I blinked, "you have email?"

"Well duh. It's the 21st century, of course I have email." He shook his head like I'd asked the craziest question ever.  Okay, maybe I did. Did I?

Shaking my head I tried a different tack. "You were giving advice on becoming a project manager?"

He nodded, "Yep, don't."

"Don't?" I asked. "You do realize what I do for a living?"

Hogarth nodded, "Yep and that's why I'm advising him not to.  You're losing your hair, you've got an ulcer, and heaven knows that no one appreciates your work. Why on earth would anyone want to be a project manager?"
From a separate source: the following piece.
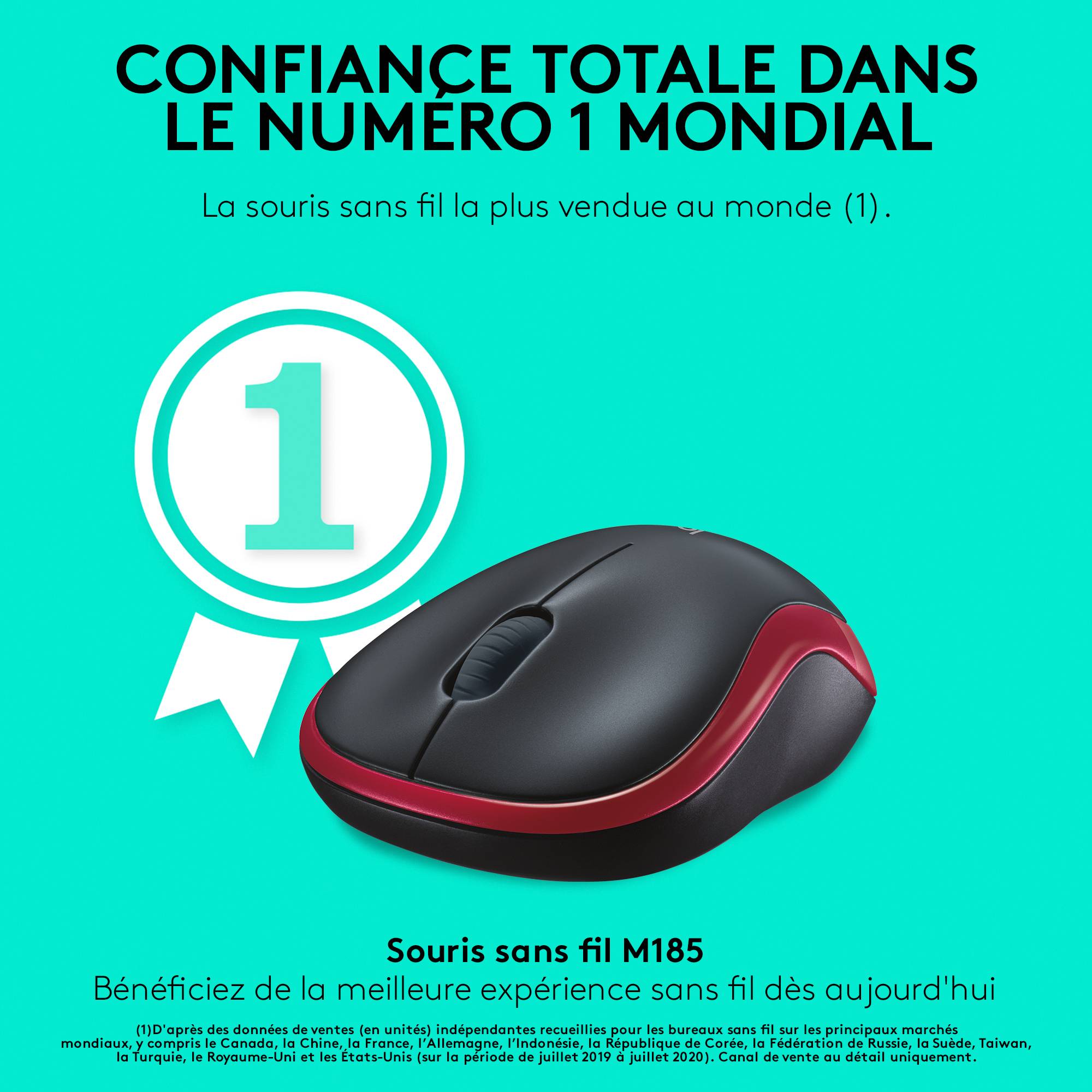 Rca Informatique - image du produit : WIRELESS MOUSE M185 RED USB CORDLESS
"Because I like helping people!"

Hogarth pointed a paw at the screen, "Okay, help him…"

And once again I had been Hogarthed.


Advice for the aspiring Project Manager (Scrum Master or Coach)
What advice would I give to a young project manager? While the urge to advise him or her to "run, run very fast," is fairly strong, it is also entirely unhelpful. And I really do like to help people, something I think makes me a good project manager, scrum master, coach, leader, etc.

So if I were to be giving advice to Josh Nankivel's students, what would I say? There are so many pithy, trite, over used things I could say. I could call on the masters of PM and just quote them. I could call on the masters of business, military or the circus and quote them.

And doing that would do two things. 1- Put the students to sleep, 2- Absolutely be nothing about me and the passion that makes me successful.

So my advice would be what works for me. Be a leader.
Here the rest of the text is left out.